The final thing I want to talk about is the atmosphere of the book. There is such a melancholic undertone to this book that this is an interesting read, even without considering the story. It is done in a very subtle way though, and it took me a while to notice the effect the book had on me. This shows Achebe’s skills to tell a story, and to make the reader ponder its meaning afterwards. The subject matter helped to create the melancholic atmosphere and also the fact that you know from the start it is not going to end well. The tone of the book also helps to drive home the message of the book that the clash of old and new ways is not a happy one, in any place or culture. It always comes with losing grip on familiar ways of doing things and saying goodbye to the world you knew and maybe even to old friends and family. That is maybe also why Obi, his father and the other characters in the book struggle with the question which values to embrace. There is no strict division between people who have embraced the new ways and those who adhere to the old. Obi’s father struggles to let go of traditional beliefs despite being a devoted Christian and Obi clings to a woman he cannot have. Achebe manages to tell a story about the clash and also evokes feelings that can come with an experience like that. In that way, he managed to create a book everybody can connect with who has had similar experiences.

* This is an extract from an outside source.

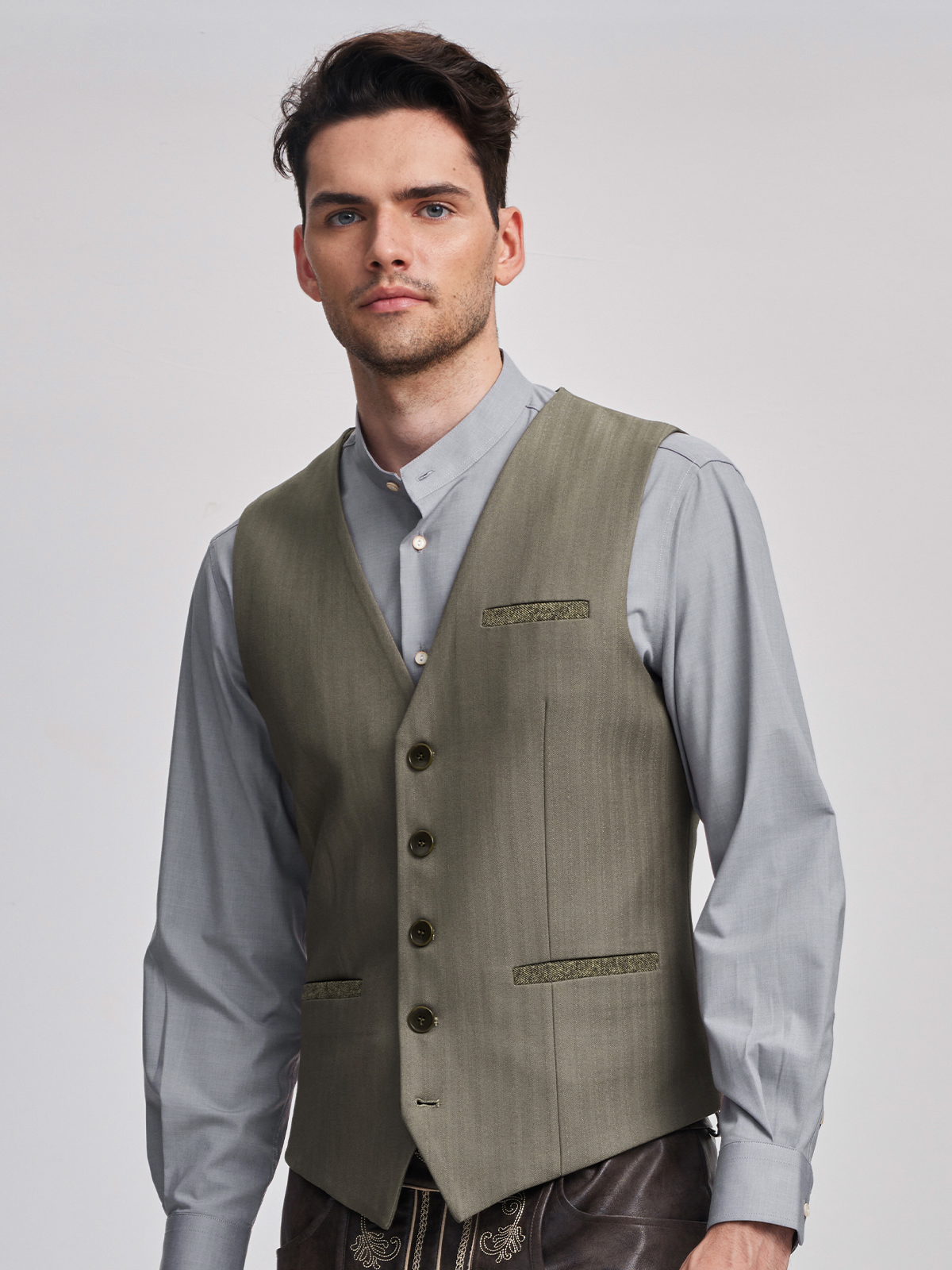 Stylische Bluse für Kinder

Many people praise Achebe’s series because it shows the African perspective on colonialism and Western influence, especially because most other books on that subject are written by Western authors. However, the book is also critiqued because its portrayal of colonialism is not done very well and limited. I cannot tell you if there is truth in that because I haven’t done the research, but I do wonder if showing the perspective of a whole continent on a big part of history is a bit too much to ask of one book or series. What this book does well is showing the perspective of one Nigerian man and how he tries to navigate between traditional values and new influences. That in itself is an important story to tell and what makes this book worth reading. Focusing on the central theme of this book shows that many people all over the world share the same kind of experiences but in different settings. The clash between traditional and new values is something we can all recognize in our own lives. Everybody has felt in their own way lost like Obi and forced into decisions they don’t want to make. Let’s hope we don’t all end up like Obi but find our own place somewhere between the old and the new.
Have strength growing up award for showing us that it is not easy to keep to your own values in a changing world.